Keep in mind the following:
- The spider gathers hostnames dynamically; it started by spidering the Google homepage (not search results), and went from there.
- The recursion algorithm is not only imperfect — it’s impatient. If a site doesn’t respond within 5 seconds, it’s omitted (uncommon).
- Only homepages (indexes) are spidered. This is still very effective, but will limit the results.
- The recursion algorithm skips /^www[0-9]?/ subdomains, but will crawl others.
- The system does not care if one site resides on the same physical or virtual server as any of the others.
- The stats collection engine only gathers what the server is configured to tell it
- We only check the HTTP headers; we do not spider the site itself to see if it links to any PHP scripts within itself.
This initial crawl will probably take at least a couple of weeks to reach some useful numbers. Spidering sites to grab new URLs, check the database, ignore dupes, and recurse into the index to do it all again takes an average of 1.7 seconds per hostname. Grabbing header data and recording statistics eats up about 3.0 seconds per host, and only works in chunks of hosts per run.
Since all you likely care about – much like myself – are the numbers themselves, you can
find them here. (Statistical data is no longer available.) The text file will be updated there every five minutes. If you’re interested in the latest figures and that file seems to be stale (i.e. – >10 minutes old), send me an email and I’ll go kick the crap out of the server and remind it who’s boss (until it becomes sentient, that is).

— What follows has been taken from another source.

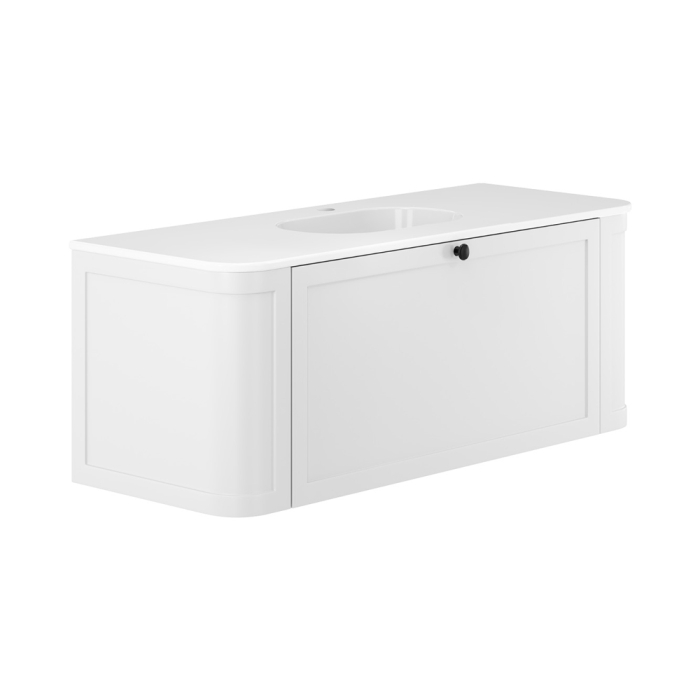 fienza Lola Mila Curved Satin White 1200 Wall-Hung Vanity 1TH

Over the next couple of days and weeks, I’ll spend a few more minutes here and there to improve the collection times, but the actual data itself is quite obviously of the most value in this project. For now, all I care about is PHP market saturation, but I’m also collecting data on rival languages, web server software, cookies, page caching, OS and version information, and more. Sure, other folks collect the same kind of information, but look at me…. do I look like them? Then shut up.